Baptists bring relief to typhoon-devastated Philippinescomment (0)
November 28, 2013
In the wake of Typhoon Haiyan — which left the Philippines battered and without easy access to relief supplies Nov. 8 — Southern Baptists have been at the leading edge to meet the needs of the hurting.
A specialized disaster relief team assisted people with immediate survival needs, said Pat Melancon, managing director of disaster response and management for Baptist Global Response (BGR). The group that followed was to make detailed assessments and formulate a longer-term strategy for helping survivors rebuild their lives.
BGR has released an initial $15,000 in relief funds to humanitarian partners who are focusing their efforts on three areas: Tacloban, which is the hardest-hit area, and northern Cebu and Panay provinces, said Jeff Palmer, BGR’s executive director. Baptist churches in the Philippines and Filipino teams trained in disaster relief will be working alongside Southern Baptist workers in efforts focusing on immediate needs such as water, food and shelter.
“For Christians, every disaster is a call to action; we are called to help those who are suffering when they need it,” said Gerlie Baltero of the Luzon Convention of Southern Baptist Churches. “This is one ministry we cannot turn our backs on.”
The typhoon’s sustained winds, peaking at nearly 200 mph, drove waves 20 feet tall into the coastal city of Tacloban.
At press time, the death toll of Haiyan — one of the most powerful storms in recorded history — had passed 5,000.
University students in the Philippines and church members of the International Southern Baptist Church of Cebu assembled relief kits for the inhabitants of Gibitngil Island on Nov. 18.
Global Hunger Relief — formerly World Hunger Funds — distributed by BGR were used to purchase rice, canned meat, sugar, powdered milk, ramen noodles and Nescafé for the kits.

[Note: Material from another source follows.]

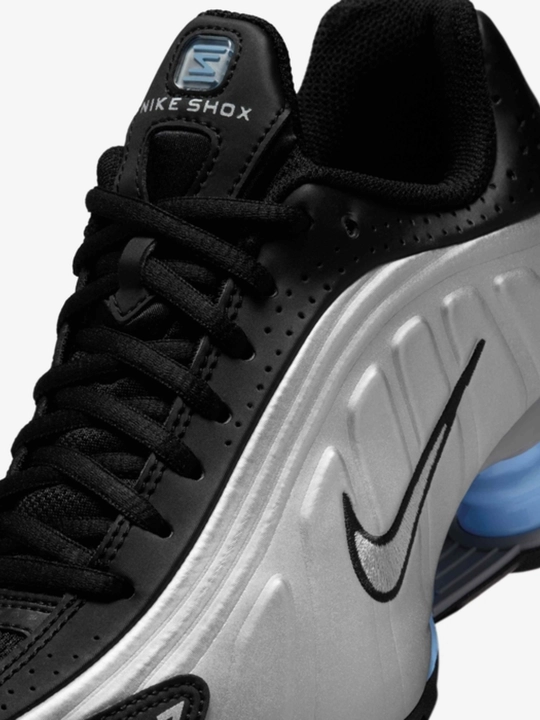 Erkaklar uchun Nike SHOX R4 OG krossovkalari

These supplies are enough food for a household for one week.
Susan Stokeld, a BGR project director, said the kits “will help those who have nothing.”
Dwain Carter, disaster relief strategist for the Missouri Baptist Convention, traveled with BGR partner Adore Sabido to Gibitngil Nov. 16–17 to assess needs.

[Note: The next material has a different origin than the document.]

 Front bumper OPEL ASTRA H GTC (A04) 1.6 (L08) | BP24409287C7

Carter said there are 449 families on the island in need of water and food. Right now, the island’s only water source is rainwater.
After building rapport with the village leader, plans were put in place for the relief kits and for volunteer teams to help the community rebuild.
Carter said all of the roofs on village homes, except for the roof on the village leader’s house, were gone. The school on the island also was damaged.
Carter said the village leader initially seemed skeptical of the team.
“What if we bring enough food for one meal for everyone on the island?” Carter asked him.
Carter said the leader’s eyes widened and his heart softened.